Navalny ha cuajado como opositor a Putin porque su oposición no es partidista. Prueba de ello es su iniciativa del voto inteligente, que llama a votar por aquellos partidos, ya sean comunistas, nacionalistas, liberales o de cualquier otra ideología, que tengan posibilidades reales de dañar a las candidaturas apoyadas por Putin.
Navalny es, en resumen, un pragmático. Y de ahí su peligro para un régimen que se asienta sobre una sociedad desideologizada. Que el apoyo a Navalny es firme entre la sociedad rusa lo demuestra ese 27,2% de los votos que consiguió cuando se enfrentó por la alcaldía de Moscú al actual alcalde, Sergei Sobyanin, en 2013.
Injerencias rusas
La vista en la que se decidirá el futuro de Navalny, que fue condenado a tres años y medio de cárcel por unas acusaciones como mínimo dudosas, tendrá lugar el próximo 29 de enero.
Las democracias occidentales deben aprovechar el caso de Navalny, al que Putin ni siquiera menciona por su nombre (se suele referir a él como "ese hombre del que usted me habla"), para actuar contra un régimen autocrático que ha azuzado las peores prácticas de la Guerra Fría. Desde la aniquilación del disidente hasta su pulsión enfermiza por interferir en la política interior de terceros países.

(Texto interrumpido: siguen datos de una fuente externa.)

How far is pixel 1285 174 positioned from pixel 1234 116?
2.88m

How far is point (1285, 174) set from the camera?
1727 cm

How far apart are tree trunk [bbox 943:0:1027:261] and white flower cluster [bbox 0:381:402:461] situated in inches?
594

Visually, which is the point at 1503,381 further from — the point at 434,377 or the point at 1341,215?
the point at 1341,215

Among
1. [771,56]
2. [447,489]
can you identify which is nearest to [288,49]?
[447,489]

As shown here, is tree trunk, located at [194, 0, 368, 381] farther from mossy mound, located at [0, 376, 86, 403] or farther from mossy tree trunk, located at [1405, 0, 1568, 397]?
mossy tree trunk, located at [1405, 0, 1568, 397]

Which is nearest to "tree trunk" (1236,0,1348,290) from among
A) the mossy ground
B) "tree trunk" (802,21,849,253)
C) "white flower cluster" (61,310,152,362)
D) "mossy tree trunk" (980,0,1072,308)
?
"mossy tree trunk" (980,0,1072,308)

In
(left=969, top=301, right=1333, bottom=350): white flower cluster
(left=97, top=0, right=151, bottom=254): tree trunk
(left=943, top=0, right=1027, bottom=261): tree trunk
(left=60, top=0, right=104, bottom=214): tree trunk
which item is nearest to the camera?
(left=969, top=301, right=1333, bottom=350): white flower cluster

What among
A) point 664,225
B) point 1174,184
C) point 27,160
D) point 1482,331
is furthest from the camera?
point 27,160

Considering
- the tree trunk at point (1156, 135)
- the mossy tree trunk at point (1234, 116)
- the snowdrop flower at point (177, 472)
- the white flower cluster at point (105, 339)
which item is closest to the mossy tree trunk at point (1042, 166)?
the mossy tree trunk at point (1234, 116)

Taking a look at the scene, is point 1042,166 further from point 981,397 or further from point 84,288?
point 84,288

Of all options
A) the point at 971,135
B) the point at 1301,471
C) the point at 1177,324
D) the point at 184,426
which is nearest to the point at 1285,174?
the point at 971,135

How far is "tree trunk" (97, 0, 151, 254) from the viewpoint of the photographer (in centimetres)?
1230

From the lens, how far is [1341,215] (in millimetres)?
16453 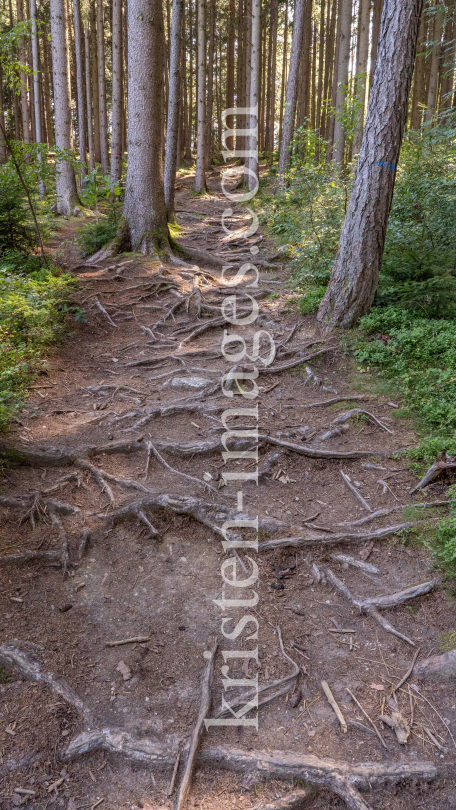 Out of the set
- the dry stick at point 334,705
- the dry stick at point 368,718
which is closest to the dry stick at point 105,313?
the dry stick at point 334,705

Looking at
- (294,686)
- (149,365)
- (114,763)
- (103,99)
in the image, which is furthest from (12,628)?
(103,99)

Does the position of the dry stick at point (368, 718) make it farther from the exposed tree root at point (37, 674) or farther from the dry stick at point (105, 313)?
the dry stick at point (105, 313)

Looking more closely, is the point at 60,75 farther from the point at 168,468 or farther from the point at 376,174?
the point at 168,468

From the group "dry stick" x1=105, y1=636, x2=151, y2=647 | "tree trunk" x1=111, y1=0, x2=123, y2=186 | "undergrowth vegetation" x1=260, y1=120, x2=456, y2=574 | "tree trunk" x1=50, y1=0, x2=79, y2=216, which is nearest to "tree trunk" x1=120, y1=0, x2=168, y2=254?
"undergrowth vegetation" x1=260, y1=120, x2=456, y2=574

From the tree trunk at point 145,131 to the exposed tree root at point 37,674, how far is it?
8772 millimetres

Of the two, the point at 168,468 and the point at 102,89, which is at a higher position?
the point at 102,89

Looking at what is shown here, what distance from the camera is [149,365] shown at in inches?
294

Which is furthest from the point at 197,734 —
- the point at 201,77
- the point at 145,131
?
the point at 201,77

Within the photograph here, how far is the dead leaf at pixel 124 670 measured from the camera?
3171mm

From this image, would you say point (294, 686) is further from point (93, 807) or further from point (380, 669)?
point (93, 807)

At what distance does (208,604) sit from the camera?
380 cm

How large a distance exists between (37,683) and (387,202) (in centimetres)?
657

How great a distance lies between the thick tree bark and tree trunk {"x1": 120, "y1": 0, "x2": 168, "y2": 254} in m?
4.77

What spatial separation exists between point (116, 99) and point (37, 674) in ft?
53.2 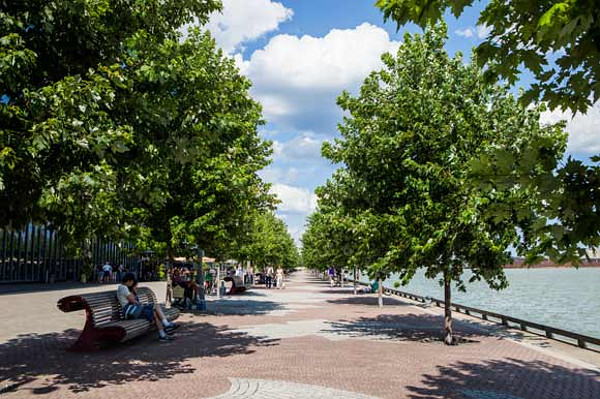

La alargada sombra de Vladímir Putin se extiende desde la Cataluña golpista hasta Donald Trump. Allá donde aparecen elementos desestabilizadores de la democracia, aparece una conexión más o menos explícita con Moscú. Tristes hitos que el mundo civilizado no puede dejar impunes y sobre los que debe vacunarse con algo que el exespía de la KGB detesta: la verdad.